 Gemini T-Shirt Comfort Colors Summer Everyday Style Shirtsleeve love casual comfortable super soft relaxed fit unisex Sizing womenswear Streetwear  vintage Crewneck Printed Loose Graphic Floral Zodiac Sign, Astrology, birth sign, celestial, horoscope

==

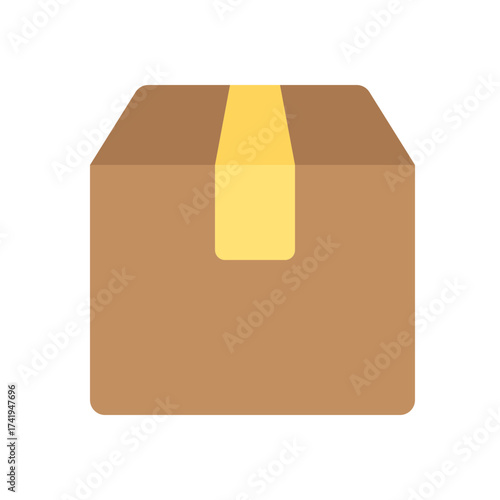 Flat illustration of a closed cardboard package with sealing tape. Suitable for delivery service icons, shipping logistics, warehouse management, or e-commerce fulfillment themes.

...

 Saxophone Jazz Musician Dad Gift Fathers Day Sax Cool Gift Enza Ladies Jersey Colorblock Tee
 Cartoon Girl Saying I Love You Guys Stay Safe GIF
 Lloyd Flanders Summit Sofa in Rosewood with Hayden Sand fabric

EXERCISE DESCRIPTION: The required output is every line above from the one with "Saxophone Jazz Musician" down to the one with "Lloyd Flanders Summit", restated word for word, ends included.

TASK RESPONSE:
 Saxophone Jazz Musician Dad Gift Fathers Day Sax Cool Gift Enza Ladies Jersey Colorblock Tee
 Cartoon Girl Saying I Love You Guys Stay Safe GIF
 Lloyd Flanders Summit Sofa in Rosewood with Hayden Sand fabric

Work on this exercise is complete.